Four consecutive heads from ten coin flips

Question

If we flip a fair coin $10$ times, what is the probability we get $\ge 4$ consecutive heads?

An approach would be to consider the probability of all consecutive heads, cut off by tails, e.g.,

HHHHTxxxxx

THHHHTxxxx

...

HHHHHTxxxx

THHHHHTxxxx

...

but this is complicated, and also has a problem that some patterns overlap (e.g., HHHHTHHHHT). Is there a simpler way to do this?

Answer 1

There are several ways of solving this, but for such a small number recursion may be the easiest.

Let $P_4(n)$ be the probability that you have at least $4$ consecutive heads after $n$ flips. Clearly $P_4(0)=P_4(1)=P_4(2)=P_4(3)=0$ and $P_4(4)=2^{-4}$.

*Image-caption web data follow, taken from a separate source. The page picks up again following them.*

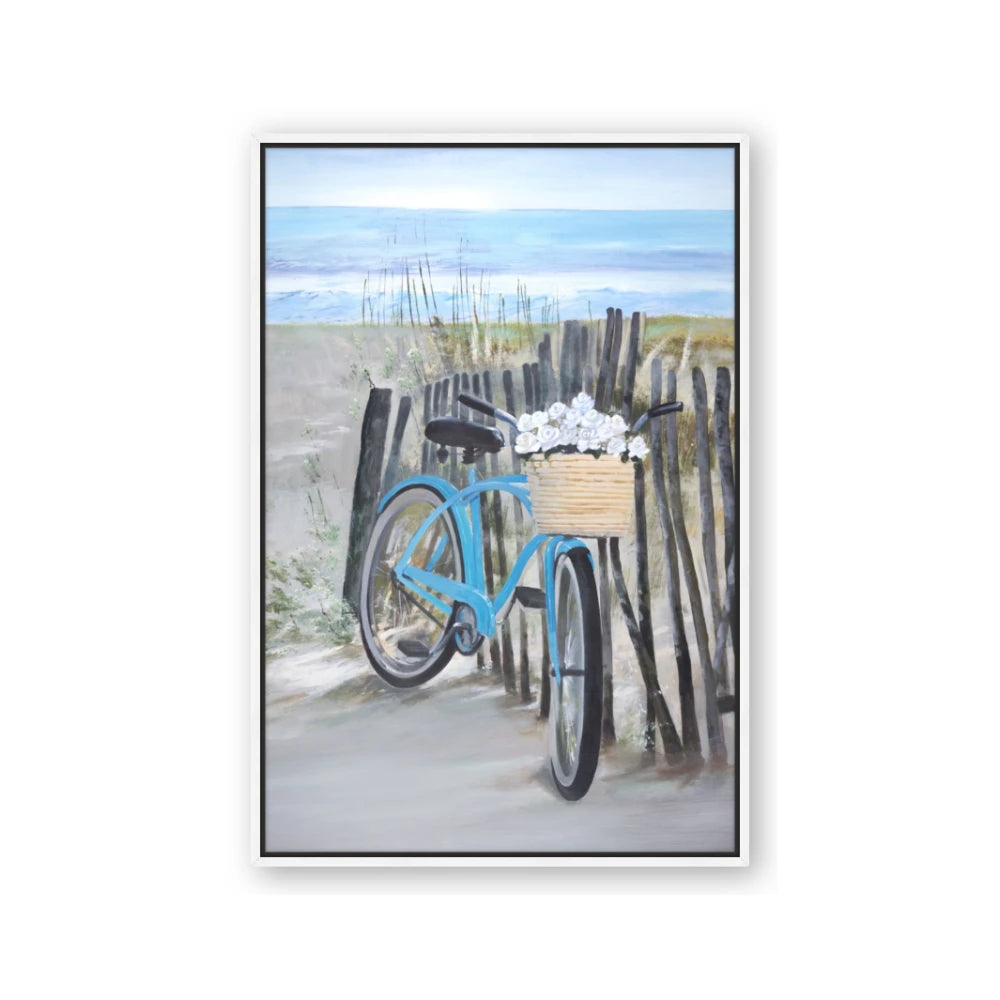 Blue Bicycle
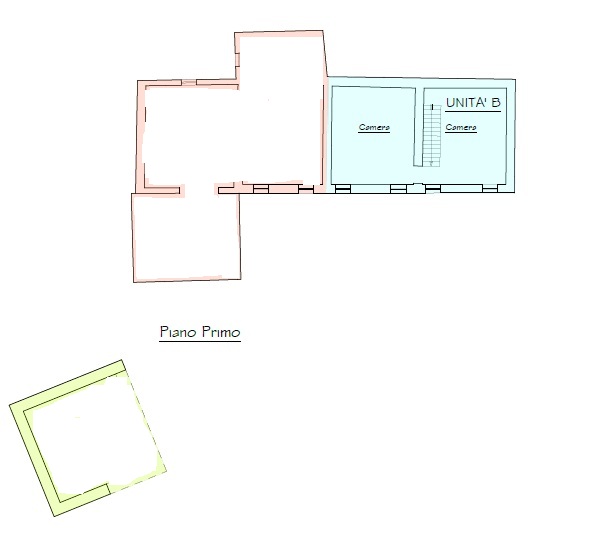 COMPOSIZIONE:
Bellissima soluzione dalle ottime potenzialità, completamente da ristrutturare, con...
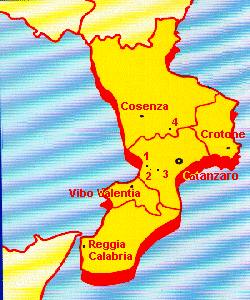 Calabria region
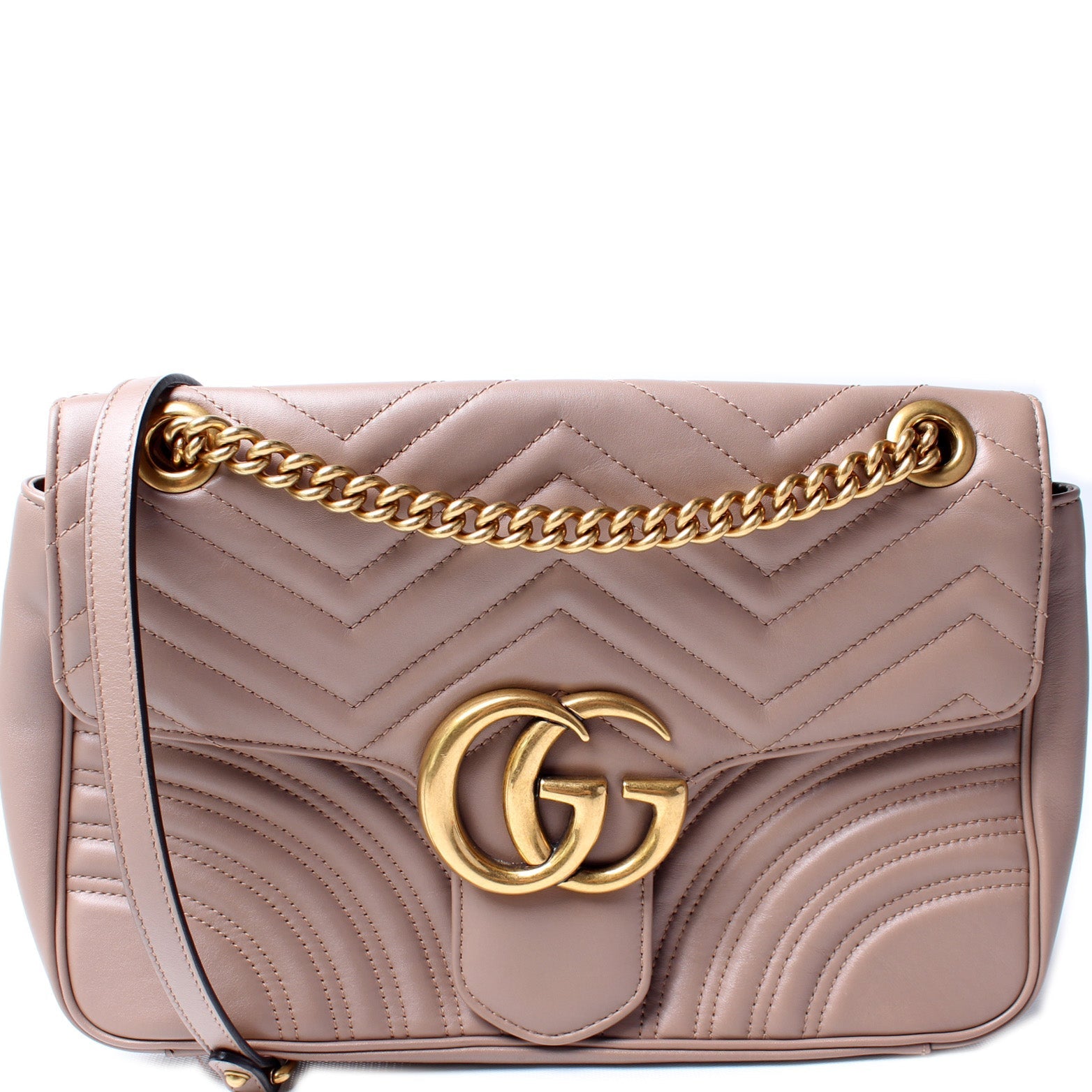 Gucci 443496 Marmont Shoulder Medium Bag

For more flips, either you have achieved $4$ consecutive heads already or you have a string without $4$ consecutive heads followed by THHHH. So for $n\gt 4$: $$P_4(n)=P_4(n-1)+2^{-5}(1-P_4(n-5))$$.

I will leave the calculation to you, but you can check your result at OEIS A$050232$

Answer 2

Total number of possible outcomes is $2^{10} = 1024$. Two sequences of heads with length $4$ or more can be possible only in three following ways: $$HHHHTHHHHT$$ $$HHHHTTHHHH$$ $$THHHHTHHHH$$ $$HHHHHTHHHH$$ $$HHHHTHHHHH$$

Now try to find number of outcomes giving one sequence of $4$ tails in a row, so $n = 4$. Starting from the combination $$HHHH******$$ we reason in the following way: left and right adjacent results must be $T$ (as we currently mention only $n = 4$), the rest do not matter. So for each of $HHHH******$ and $******HHHH$ we have one definite $T$ and $5$ arbitrary values and should exclude $3$ outcomes (to not include abovementioned cases with two sequences of $4$ or more $H$ in a row). If $HHHH$ is not in the beginning or in the end of the line (so, the first $H$ is on the $2^{nd}-6^{th}$ position), then we have $2$ definite $T$ (before and after $HHHH$) and $4$ arbitrary values and should one outcome for $*HHHH*****$ and one for $*****HHHH*$. Hence, total number of suitable outcomes for $n=4$ is $$2 * (2^5 - 3) + 2 * (2^4 - 1) + 3 * 2^4 = 58 + 30 + 48 = 136$$
Similarly, for $n = 5$: $$2 * (2^4 - 1) + 4 * 2^3 = 30 + 32 = 62$$ For $n = 6, 7, 8$: $$2 * 2^{9-n} + (9-n) * 2^{8-n}$$ The total sum of suitable outcomes for $6$, $7$ and $8$ together is $$28 + 12 + 5 = 45$$ If $n=9$ then we have only $2$ possible sequence and $1$ for $n=10$.
Thus, the total sum is $$136+62+45+10+2+1 = 256$$ and the probability of such event is $\frac {256}{1024} = \frac 14$.